Rüstzeug für die Jugend: Wie Filme zu verstehen sind

Claudia Dillmann, Direktorin des Deutschen Filminstituts Frankfurt„Die Frage nach dem Lieblingsfilm bringt viele Deutsche zum Stottern, auch Politiker.“ Mit diesem Satz ließ Claudia Dillmann, Direktorin des Deutschen Filminstituts Frankfurt (DIF e. V.), die ca. 30 Zuhörerinnen des Zonta Clubs Frankfurt am Main aufhorchen.
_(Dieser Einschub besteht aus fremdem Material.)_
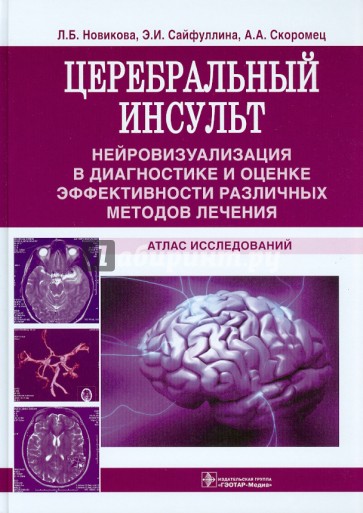 Церебральный инсульт. Атлас исследований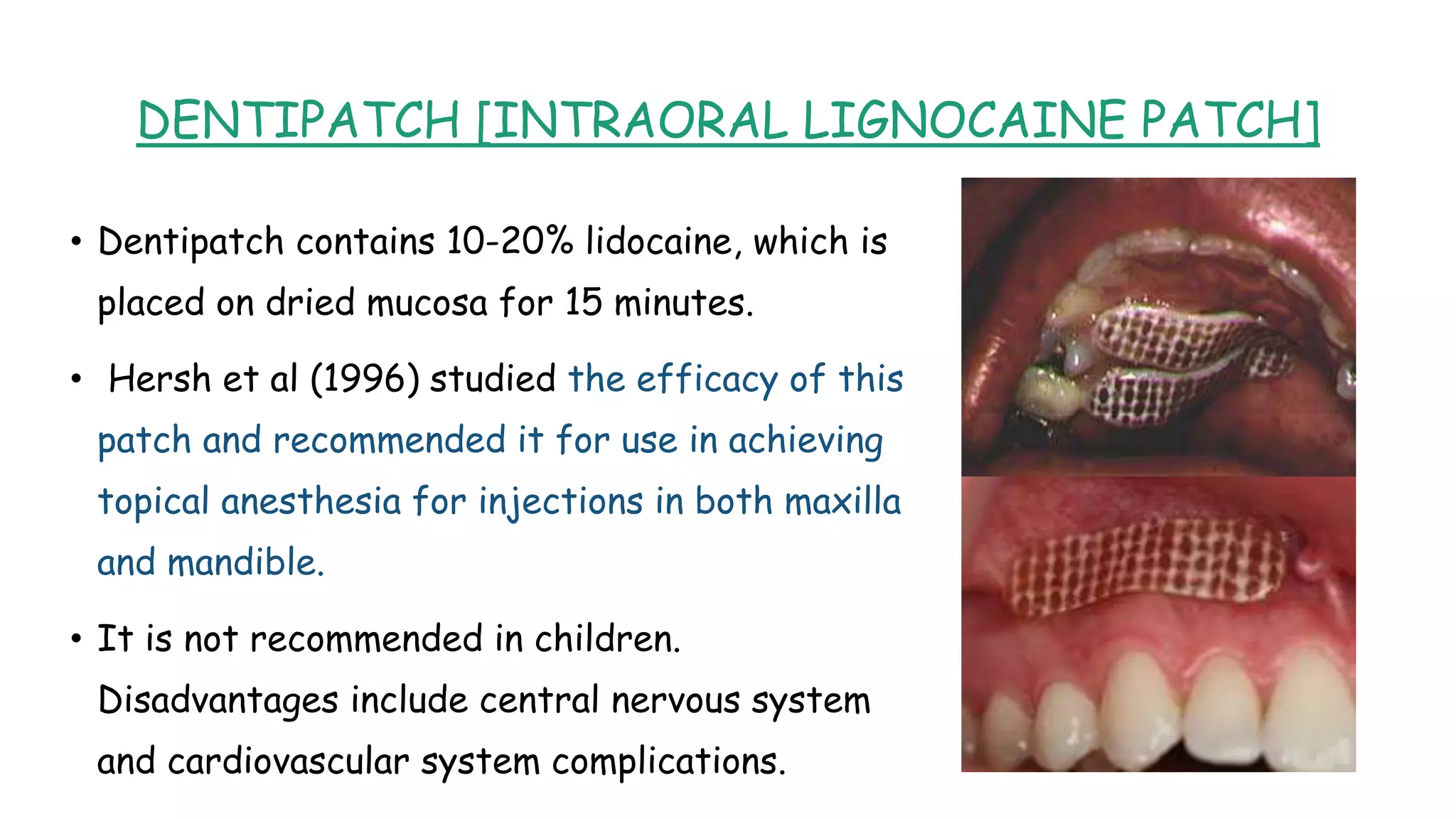 DENTIPATCH [INTRAORAL LIGNOCAINE PATCH]
• Dentipatch contains 10-20% lidocaine, which is
placed on dried mucosa for 15 minutes.
• Hersh et al (1996) studied the efficacy of this
patch and recommended it for use in achieving
topical anesthesia for injections in both maxilla
and mandible.
• It is not recommended in children.
Disadvantages include central nervous system
and cardiovascular system complications.
 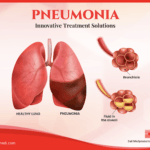 pneumonia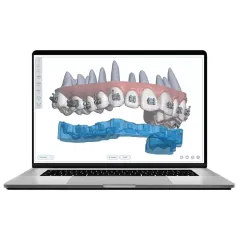 An example of a digital photograph used for orthodontic treatment in San Antonio, TX.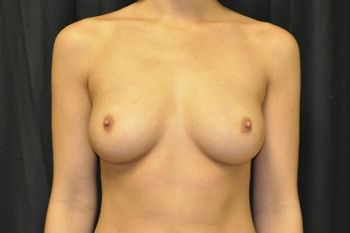Breast Augmentation Before & After Patient 25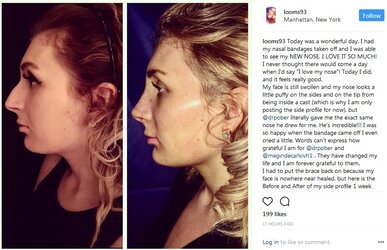 laura-loomer-nose-job8.jpg
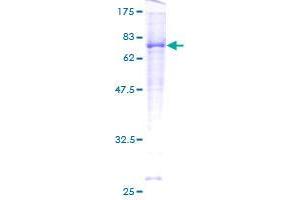 Image no. 1 for Activin A Receptor Type II-Like 1 (ACVRL1) (AA 22-503) protein (GST tag) (ABIN1305819) (ACVRL1 Protein (AA 22-503) (GST tag))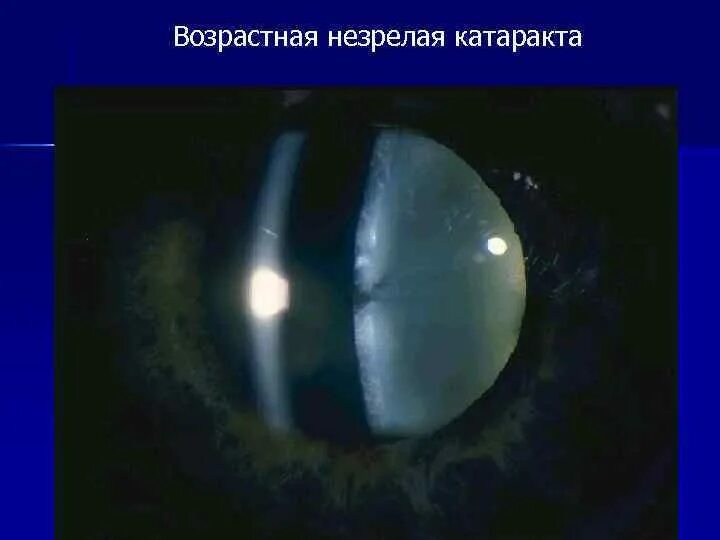 Возрастная катаракта. Возрастная катаракта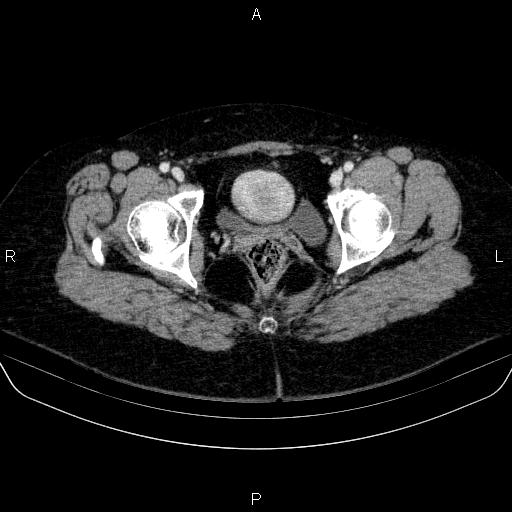 Adrenal cortical carcinoma (Radiopaedia 84882-100379 Axial C+ portal venous phase 92).jpg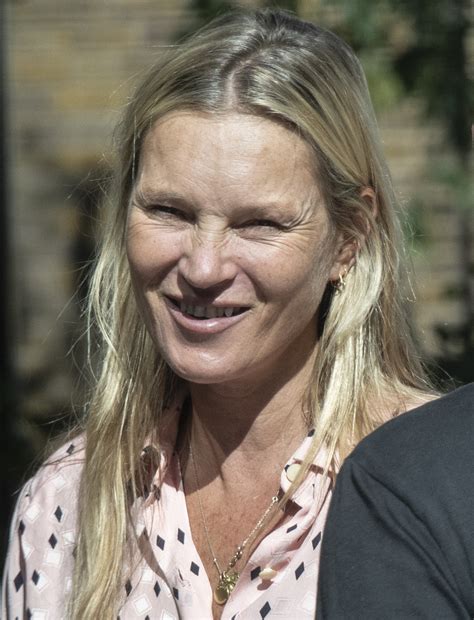 Kate Moss Teeth Drugs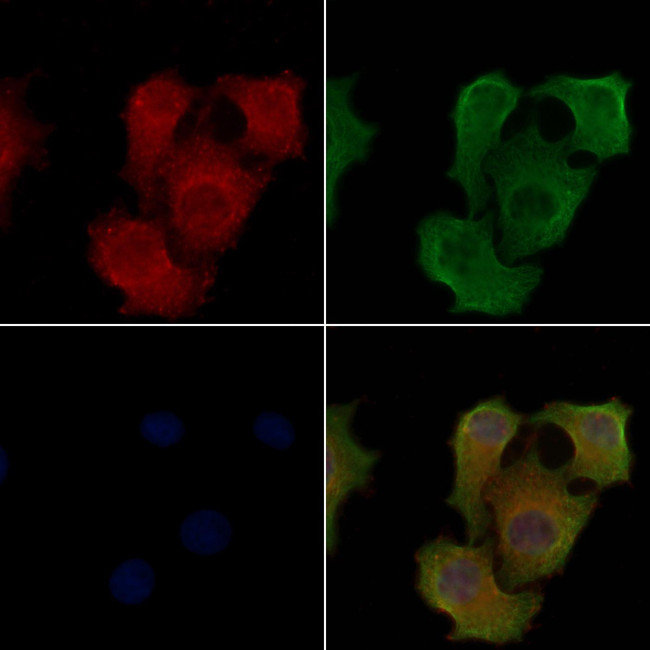 ORM2 Antibody in Immunocytochemistry (ICC/IF)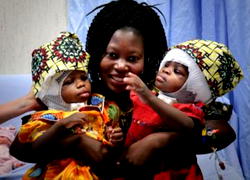Two conjoined twins separated successfully in Italy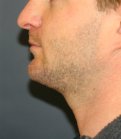 chin implant neck lipo - after
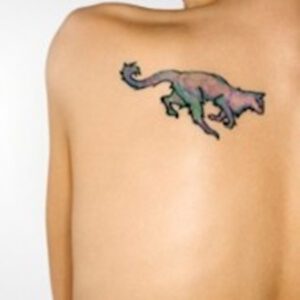 Lazerle Dövme Silme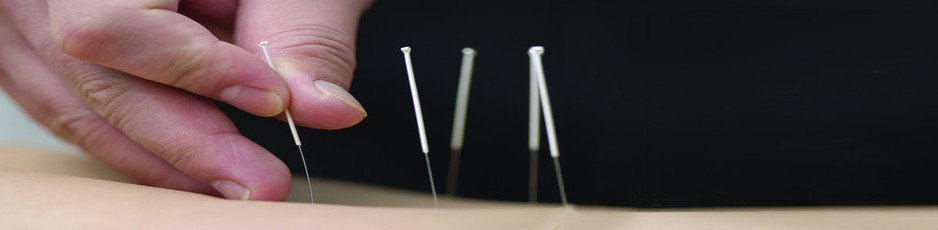 Cloud 9 Massage Pic 1 - Dry needling Western Accupuncture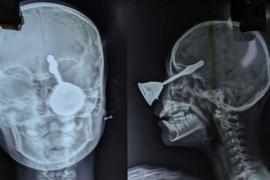 A prayer bell entered a 10-year-old girl's eye; surgery saved her life and caused brain damage. Hindi news latest news khabargali 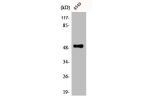 Western Blot analysis of A549 cells using CPM Polyclonal Antibody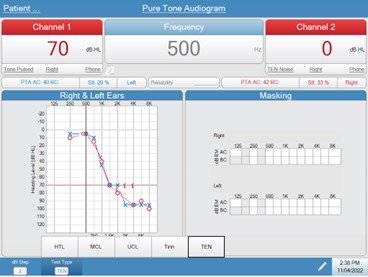 audiostar-pro-ten-test
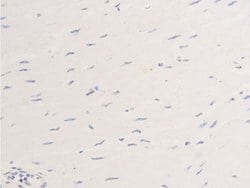 Invitrogen Phospho-ErbB2 (HER-2) (Tyr877) Polyclonal Antibody 100 &mu;L;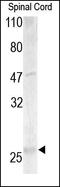 MPP antibody, 250762, Abbiotec, Immunohistochemistry paraffin image 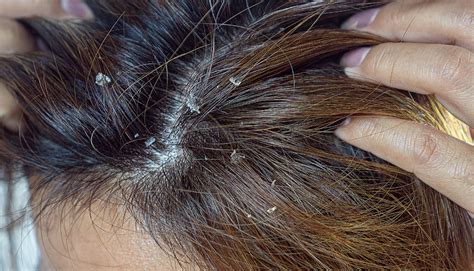 What Is Seborrhoeic Dermatitis Fulham Scalp And Hair Clinic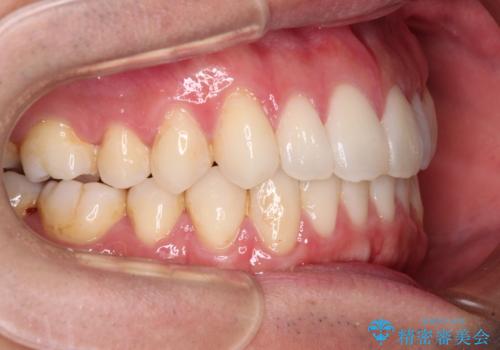 少しでも口元を閉じやすく インビザラインによる前突の解消の治療中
Im Rahmen des Clubabends am 9. Juli 2013 referierte Claudia Dillmann über „Raum für Filmkultur“ und erläuterte den weitgefächerten Zielekatalog des Deutschen Filminstituts: Filmvermittlung und  Aufbau von Medienkompetenz gehören neben anderen Aspekten zum zentralen Bildungsauftrag der Institution am Schaumainkai.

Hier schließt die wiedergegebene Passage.